À l’heure actuelle, les personnes les plus victimisées et les plus menacées par cette ingérence étrangère et qui voient leurs droits démocratiques bafoués sont les Canadiens d’origine chinoise et de diverses diasporas. Ces personnes se font influencer, enjôler et intimider en sol canadien. Elles méritent mieux que cela.

La défense « ce n’est que de la partisanerie » est inacceptable. Puisque vous refusez de reconnaître que le premier ministre a menti lorsqu’il a nié être au courant et a menti quant à la date à laquelle il a été informé, reconnaîtrez-vous à tout le moins que le premier ministre doit des excuses aux Canadiens de diverses diasporas pour avoir traité de racistes ceux qui osent dénoncer la situation et qu’il cause du tort en utilisant un outil aussi important à des fins partisanes? Quand présentera-t-il ses excuses à ces Canadiens?

Le sénateur Gold [ - ]

Le premier ministre travaille de façon adéquate et responsable à protéger les Canadiens contre l’ingérence étrangère.

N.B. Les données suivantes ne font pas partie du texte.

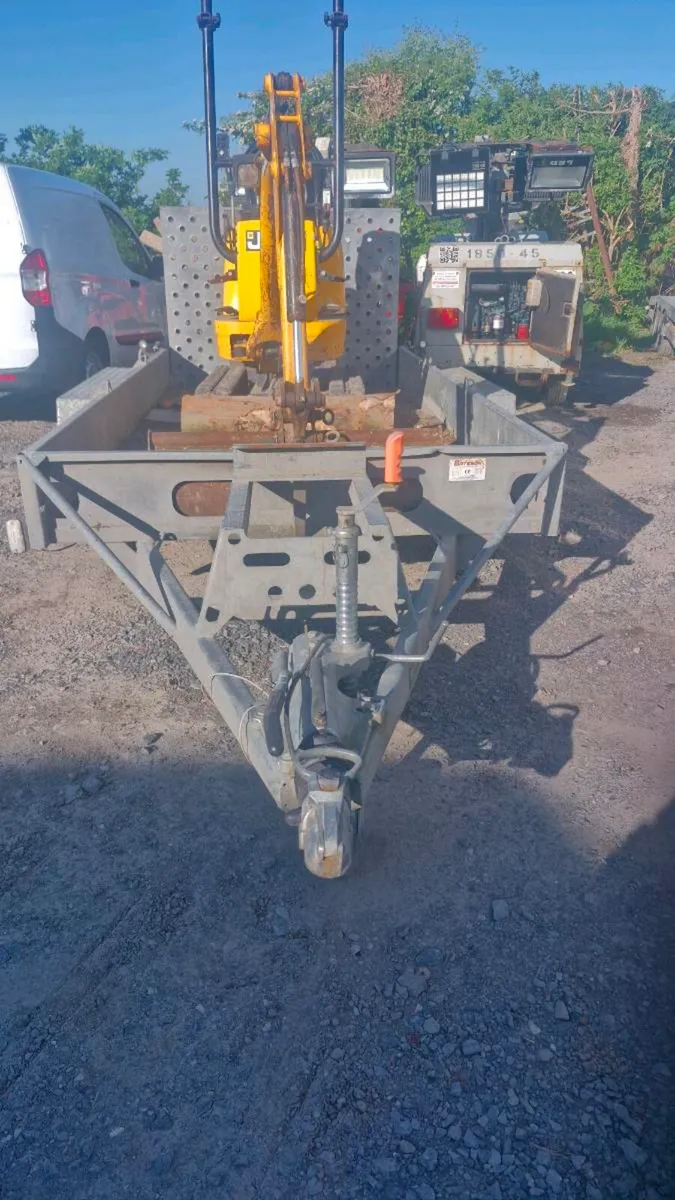 Jcb micro digger 2018 - Image 2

Je le répète, c’est une question sérieuse. Il faut s’en occuper de façon responsable et traiter le premier ministre de menteur n’est pas responsable. Il est irresponsable pour un chef de parti — quelqu’un qui aspire à devenir premier ministre — d’affirmer essentiellement que le premier ministre travaille contre les Canadiens pour servir les intérêts d’un pays étranger. Cela équivaut à traiter notre premier ministre de traître et ce n’est pas acceptable.

Je comprends qu’il y ait de la partisanerie au Parlement, mais je m’attends à mieux lorsqu’il est question d’enjeux aussi sérieux.

Tant qu’à parler de cette situation, sénateur Housakos, il convient de rappeler aux Canadiens et aux sénateurs que les accusations et les allégations d’ingérence étrangère ne datent pas d’hier. La personne qui accuse aujourd’hui le premier ministre d’être à la solde d’un pays étranger et de travailler à l’encontre des intérêts de son propre pays, le chef du Parti conservateur, a déjà été ministre de la Réforme démocratique. Il a occupé ce poste de 2013 à 2015. Il avait été averti par le SCRS et par le conseiller à la sécurité nationale du premier ministre de l’existence du problème de l’ingérence chinoise. Il n’a absolument rien fait. Le premier ministre, lui, agit et les Canadiens peuvent être fiers que le gouvernement défende leurs intérêts.